DATA EXCERPT —
-----

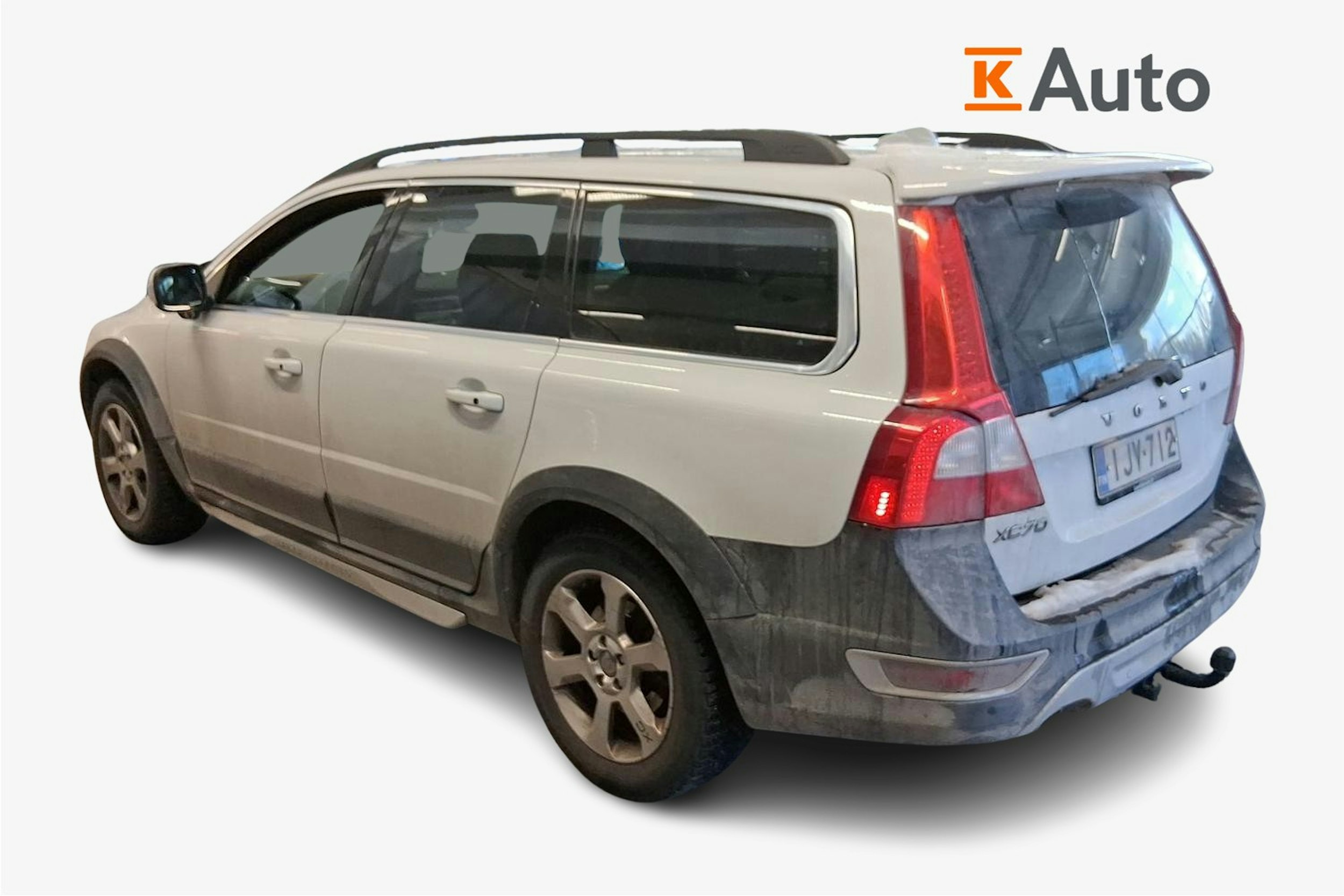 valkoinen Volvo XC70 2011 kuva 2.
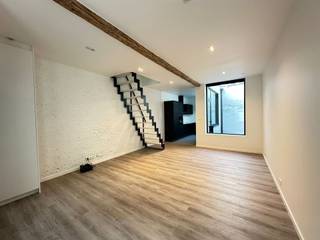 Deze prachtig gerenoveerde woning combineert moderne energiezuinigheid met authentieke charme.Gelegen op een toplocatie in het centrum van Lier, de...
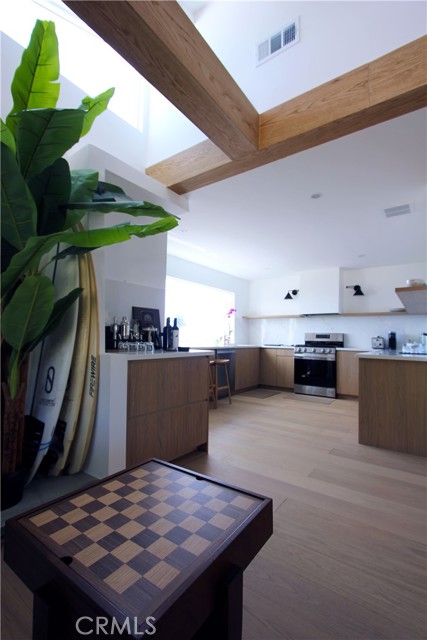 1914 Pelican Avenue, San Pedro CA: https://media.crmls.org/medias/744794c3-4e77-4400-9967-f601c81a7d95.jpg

-----

WORK INSTRUCTION —
Quote the data exactly, leaving every image out of the copy.

THE ANSWER —
 valkoinen Volvo XC70 2011 kuva 2.
 Deze prachtig gerenoveerde woning combineert moderne energiezuinigheid met authentieke charme.Gelegen op een toplocatie in het centrum van Lier, de...
 1914 Pelican Avenue, San Pedro CA: https://media.crmls.org/medias/744794c3-4e77-4400-9967-f601c81a7d95.jpg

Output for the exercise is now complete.